2. It’s a book, it’s a movie, it’s… an app
Anthony Zuiker (CSI) released a “digi-novel” last year, wherein a printed book contained a URL every 20 pages; readers could enter the URL into a browser and watch a related online video. In a lot of ways transmedia storytelling to date has been mostly about promotion (The Dark Knight, for example, used an Alternate Reality Game to promote its theatrical release), but the iPad offers a different set of possibilities: instead of these experiences existing as separate, promotional entrypoints, they can all be brought together on one platform. This is not to say that a project can’t have a live component that exists separately, but the iPad will play a pivotal role in bringing together different forms of storytelling: words, still images, moving images, audio, and interactive experiences can all live together on one handheld, connected device. The iPad will profoundly blur the line between book, movie, and game, and it will do so by offering these new-media experiences for sale through iTunes as… an application. When you’re developing a cross-platform story, what happens if you can’t define your project along clear lines? Should I say it? “There’s an app for that.”
And to add my own two coppers to it - we get a work surface that's also the final display. That is, you can draw your image, manipulate it, and upload it to the store with a device the size of a netbook (and half the weight).
This is only the beginning...
3 comments:
Everything you describe can be done on a modern laptop. What's the real difference? Smaller ipods are not a major difference over larger ipods, it was the concept of an ipod in the first place that was different and i just don't see the iPad being that world shaking.
Yes for artists it probably will be. You can fingerpaint on screen (as you could on an iPhone, which is a huge up-tick from mouse and stylus.
Then again I've never understood why folks buy $500 Kindles to read pdf files. Maybe I'm wrong and people just want to buy new stuff.
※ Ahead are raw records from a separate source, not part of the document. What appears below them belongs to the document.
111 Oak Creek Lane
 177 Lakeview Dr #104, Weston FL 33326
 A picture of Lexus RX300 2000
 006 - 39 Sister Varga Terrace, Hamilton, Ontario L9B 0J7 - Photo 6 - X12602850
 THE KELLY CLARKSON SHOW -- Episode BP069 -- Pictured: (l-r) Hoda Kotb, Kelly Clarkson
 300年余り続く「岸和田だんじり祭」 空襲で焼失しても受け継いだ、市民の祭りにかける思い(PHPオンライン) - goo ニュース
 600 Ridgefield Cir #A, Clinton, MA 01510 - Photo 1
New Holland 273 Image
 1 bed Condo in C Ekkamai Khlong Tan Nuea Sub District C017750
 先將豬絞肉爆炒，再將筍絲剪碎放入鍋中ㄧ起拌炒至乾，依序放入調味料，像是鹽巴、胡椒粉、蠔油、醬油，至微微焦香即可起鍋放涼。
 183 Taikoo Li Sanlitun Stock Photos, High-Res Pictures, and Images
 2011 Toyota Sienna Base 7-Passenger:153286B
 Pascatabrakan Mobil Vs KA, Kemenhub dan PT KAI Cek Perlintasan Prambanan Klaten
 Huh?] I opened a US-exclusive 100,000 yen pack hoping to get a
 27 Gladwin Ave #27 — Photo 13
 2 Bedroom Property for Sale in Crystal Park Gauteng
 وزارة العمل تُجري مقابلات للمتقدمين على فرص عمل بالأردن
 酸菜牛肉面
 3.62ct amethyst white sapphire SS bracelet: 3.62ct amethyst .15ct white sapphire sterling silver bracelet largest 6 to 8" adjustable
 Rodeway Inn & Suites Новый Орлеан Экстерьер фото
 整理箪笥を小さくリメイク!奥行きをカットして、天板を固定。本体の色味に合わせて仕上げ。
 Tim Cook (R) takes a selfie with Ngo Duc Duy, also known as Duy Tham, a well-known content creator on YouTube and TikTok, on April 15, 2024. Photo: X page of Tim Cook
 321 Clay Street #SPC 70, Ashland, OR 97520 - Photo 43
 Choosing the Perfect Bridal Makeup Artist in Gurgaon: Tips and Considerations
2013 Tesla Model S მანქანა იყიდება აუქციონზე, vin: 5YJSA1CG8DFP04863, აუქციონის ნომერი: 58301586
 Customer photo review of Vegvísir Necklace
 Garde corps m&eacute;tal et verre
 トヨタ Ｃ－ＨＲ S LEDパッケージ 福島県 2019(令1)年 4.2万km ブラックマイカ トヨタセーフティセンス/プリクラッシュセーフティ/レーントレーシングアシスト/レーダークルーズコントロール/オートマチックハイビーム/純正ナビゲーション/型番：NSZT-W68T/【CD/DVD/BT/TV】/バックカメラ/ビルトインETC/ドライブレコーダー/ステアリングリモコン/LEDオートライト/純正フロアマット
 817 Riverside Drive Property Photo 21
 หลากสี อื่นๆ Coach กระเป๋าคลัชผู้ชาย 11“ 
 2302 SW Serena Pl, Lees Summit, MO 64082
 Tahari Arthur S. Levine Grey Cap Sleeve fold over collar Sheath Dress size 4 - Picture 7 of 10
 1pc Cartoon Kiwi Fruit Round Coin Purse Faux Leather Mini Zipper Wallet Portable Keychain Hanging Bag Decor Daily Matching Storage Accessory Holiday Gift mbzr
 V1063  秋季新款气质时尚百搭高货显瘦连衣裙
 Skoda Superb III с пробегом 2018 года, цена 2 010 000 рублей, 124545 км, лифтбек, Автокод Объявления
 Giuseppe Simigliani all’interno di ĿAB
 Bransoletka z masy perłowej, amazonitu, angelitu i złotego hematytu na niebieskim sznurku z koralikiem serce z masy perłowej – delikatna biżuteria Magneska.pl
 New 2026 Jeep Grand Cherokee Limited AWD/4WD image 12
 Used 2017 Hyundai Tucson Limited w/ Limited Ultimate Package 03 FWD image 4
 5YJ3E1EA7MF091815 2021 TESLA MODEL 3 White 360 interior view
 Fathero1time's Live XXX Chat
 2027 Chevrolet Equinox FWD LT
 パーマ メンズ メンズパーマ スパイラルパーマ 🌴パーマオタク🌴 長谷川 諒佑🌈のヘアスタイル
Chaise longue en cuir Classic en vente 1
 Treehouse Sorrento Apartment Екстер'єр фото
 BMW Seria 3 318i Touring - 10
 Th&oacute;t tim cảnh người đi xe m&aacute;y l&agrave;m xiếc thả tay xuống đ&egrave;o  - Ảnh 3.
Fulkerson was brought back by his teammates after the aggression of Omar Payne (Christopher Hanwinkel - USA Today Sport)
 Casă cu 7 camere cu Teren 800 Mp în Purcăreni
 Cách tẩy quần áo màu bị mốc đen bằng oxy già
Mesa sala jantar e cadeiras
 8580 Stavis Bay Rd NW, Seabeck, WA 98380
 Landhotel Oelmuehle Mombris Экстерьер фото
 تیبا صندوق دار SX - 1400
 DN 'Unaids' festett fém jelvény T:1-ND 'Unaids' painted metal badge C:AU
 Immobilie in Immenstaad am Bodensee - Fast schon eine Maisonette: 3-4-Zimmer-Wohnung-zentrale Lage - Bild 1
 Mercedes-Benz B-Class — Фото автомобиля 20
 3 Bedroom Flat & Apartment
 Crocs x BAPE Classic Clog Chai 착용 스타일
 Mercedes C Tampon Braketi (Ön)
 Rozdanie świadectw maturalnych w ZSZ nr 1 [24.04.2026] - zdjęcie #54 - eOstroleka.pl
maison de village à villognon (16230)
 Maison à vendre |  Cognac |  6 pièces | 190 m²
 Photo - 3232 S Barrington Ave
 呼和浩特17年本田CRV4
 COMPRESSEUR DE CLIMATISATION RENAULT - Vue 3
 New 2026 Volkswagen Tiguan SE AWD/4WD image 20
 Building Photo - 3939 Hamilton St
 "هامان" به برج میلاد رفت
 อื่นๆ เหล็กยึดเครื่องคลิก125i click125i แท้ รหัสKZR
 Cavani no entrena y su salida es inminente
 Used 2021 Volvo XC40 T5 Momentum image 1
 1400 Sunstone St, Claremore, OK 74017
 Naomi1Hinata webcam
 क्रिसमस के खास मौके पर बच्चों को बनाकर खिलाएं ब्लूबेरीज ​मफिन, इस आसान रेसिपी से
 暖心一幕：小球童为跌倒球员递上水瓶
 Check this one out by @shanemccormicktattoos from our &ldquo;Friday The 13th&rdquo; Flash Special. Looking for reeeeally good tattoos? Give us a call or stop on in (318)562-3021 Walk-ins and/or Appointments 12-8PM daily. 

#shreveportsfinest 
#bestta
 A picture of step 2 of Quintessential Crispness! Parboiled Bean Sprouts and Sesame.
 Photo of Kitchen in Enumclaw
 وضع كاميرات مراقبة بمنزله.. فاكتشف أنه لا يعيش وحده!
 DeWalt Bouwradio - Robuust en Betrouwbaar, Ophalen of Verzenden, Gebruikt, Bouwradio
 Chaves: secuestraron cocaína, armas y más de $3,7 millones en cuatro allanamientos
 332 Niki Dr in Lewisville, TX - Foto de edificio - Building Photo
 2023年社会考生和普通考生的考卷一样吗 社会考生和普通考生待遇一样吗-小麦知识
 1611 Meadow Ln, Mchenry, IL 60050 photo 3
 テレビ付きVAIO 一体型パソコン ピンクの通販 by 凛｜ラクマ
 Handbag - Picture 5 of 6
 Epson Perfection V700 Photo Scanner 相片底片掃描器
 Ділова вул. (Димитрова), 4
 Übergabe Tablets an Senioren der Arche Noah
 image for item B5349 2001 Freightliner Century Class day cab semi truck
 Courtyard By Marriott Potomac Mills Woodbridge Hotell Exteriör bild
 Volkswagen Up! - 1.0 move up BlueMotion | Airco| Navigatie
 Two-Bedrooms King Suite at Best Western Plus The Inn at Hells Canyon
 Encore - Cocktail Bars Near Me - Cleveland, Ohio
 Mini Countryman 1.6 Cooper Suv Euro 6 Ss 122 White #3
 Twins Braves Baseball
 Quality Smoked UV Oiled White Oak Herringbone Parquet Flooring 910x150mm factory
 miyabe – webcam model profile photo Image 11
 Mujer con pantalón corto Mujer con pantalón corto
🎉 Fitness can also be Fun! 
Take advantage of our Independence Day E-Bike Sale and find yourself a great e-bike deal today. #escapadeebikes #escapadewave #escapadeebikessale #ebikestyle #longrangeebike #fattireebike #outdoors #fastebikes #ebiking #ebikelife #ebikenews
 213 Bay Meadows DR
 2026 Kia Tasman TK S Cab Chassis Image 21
given its 4:3 aspect ratio in a world of 16:9 production on a less than 10" diagonal screen. well, its kind of cute, twee almost. and while looking for redeeming qualities on the apple site, i noted that they put their horrible, nasty high gloss screen on the thing. i've considered picking up an ibook or a mac book pro because my beloved 15" g4 titanium is getting a tad long in the tooth but i absolutely will not have anything to do with the glaring eyestrain coming off the glossy screens. so i'll be shopping the refurbs and used stuff. all features aside, for me that is a total deal breaker.
a friend of mine is a complete apple fanboy, he blew off two paying gigs to strok... er, partake in the grand unveiling. and he was almost apoplectic when the rest of his friends didn't make whoopsy in their trousers for the latest gizmo. this isn't a game changer, its just another device and not a vastly superior means of doing the exact same stuff i already do with gear that works perfectly well. in a number of ways, user interface aside, its a big jump back in power and utility. and the next time somebody tells me i'm crazy for not loving it because the next release will even awesomer, the next os actually functional, i'll be inclined to mock them openly.
sorry bill but this thing doesn't actually do anything that i can't already do just as well, if not better, with gear i already own. my lines aren't blurred at all.
Bill -
Gotta agree with the commenters above. I don't think the iPad significantly moves the game forward. It opens a lot of doors for creators (similar to the way the AppleTV did) but it does no good if there is no one waiting behind the door to consume our content. With the iPad, I just don't think it'll be a major hit.
I'm hoping for a significant 2.0 upgrade (similar to the iPhone 3G), and then perhaps we'll see a bigger jumping-on.